4. If only you will remain resting in consciousness, seeing yourself as distinct from the body, then even now you will become happy, peaceful and free from bonds.

5. You do not belong to the Brahmin or any other caste, you are not at any stage, nor are you anything that the eye can see. You are unattached and formless, the witness of everything -- so be happy.

6. Righteousness and unrighteousness, pleasure and pain are purely of the mind and are no concern of yours. You are neither the doer nor the reaper of the consequences, so you are always free.

7. You are the one witness of everything and are always completely free. The cause of your bondage is that you see the witness as something other than this.

8. Since you have been bitten by the black snake, the opinion about yourself that "I am the doer," drink the antidote of faith in the fact that "I am not the doer," and be happy.
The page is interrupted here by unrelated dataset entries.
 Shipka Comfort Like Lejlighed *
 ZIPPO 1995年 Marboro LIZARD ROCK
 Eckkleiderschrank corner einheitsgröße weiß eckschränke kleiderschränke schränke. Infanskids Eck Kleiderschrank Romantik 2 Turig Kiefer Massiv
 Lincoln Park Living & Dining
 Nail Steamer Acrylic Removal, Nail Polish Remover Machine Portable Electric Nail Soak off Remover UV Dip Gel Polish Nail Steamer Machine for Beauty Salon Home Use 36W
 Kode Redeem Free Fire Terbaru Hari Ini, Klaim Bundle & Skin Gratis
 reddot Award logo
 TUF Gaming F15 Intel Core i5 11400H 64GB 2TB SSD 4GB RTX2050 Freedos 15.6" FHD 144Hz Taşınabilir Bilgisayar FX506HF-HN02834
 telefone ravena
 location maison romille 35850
9. Burn down the forest of ignorance with the fire of the understanding that "I am the one pure awareness," and be happy and free from distress.

10. That in which all this appears is imagined like the snake in a rope; that joy, supreme joy, and awareness is what you are, so be happy.
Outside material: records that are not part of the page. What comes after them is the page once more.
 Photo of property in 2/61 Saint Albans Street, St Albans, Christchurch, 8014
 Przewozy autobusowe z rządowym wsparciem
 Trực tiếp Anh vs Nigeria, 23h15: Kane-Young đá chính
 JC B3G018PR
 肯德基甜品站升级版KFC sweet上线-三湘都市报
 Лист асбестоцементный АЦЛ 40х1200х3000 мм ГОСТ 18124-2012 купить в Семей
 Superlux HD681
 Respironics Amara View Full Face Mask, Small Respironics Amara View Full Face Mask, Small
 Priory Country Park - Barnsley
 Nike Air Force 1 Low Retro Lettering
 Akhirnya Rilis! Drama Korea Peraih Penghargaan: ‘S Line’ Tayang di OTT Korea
11. If one thinks of oneself as free, one is free, and if one thinks of oneself as bound, one is bound. Here this saying is true, "Thinking makes it so."

12. Your real nature is as the one perfect, free, and actionless consciousness, the all-pervading witness -- unattached to anything, desireless and at peace. It is from illusion that you seem to be involved in samsara (the world and its attachments).

13. Meditate on yourself as motionless awareness, free from any dualism, giving up the mistaken idea that you are just a derivative consciousness or anything external or internal.

14. You have long been trapped in the snare of identification with the body. Sever it with the knife of knowledge that "I am awareness," and be happy, my son.

15. You are really unbound and actionless, self-illuminating and spotless already. The cause of your bondage is that you are still resorting to stilling the mind.

16. All of this is really filled by you and strung out in you, for what you consist of is pure awareness -- so don't be small-minded.

17. You are unconditioned and changeless, formless and immovable, unfathomable awareness, unperturbable: so hold to nothing but consciousness.

18. Recognise that the apparent is unreal, while the unmanifest is abiding. Through this initiation into truth you will escape falling into unreality again.

19. Just as a mirror exists everywhere both within and apart from its reflected images, so the Supreme Lord exists everywhere within and apart from this body.

20. Just as one and the same all-pervading space exists within and without a jar, so the eternal, everlasting God exists in the totality of all things.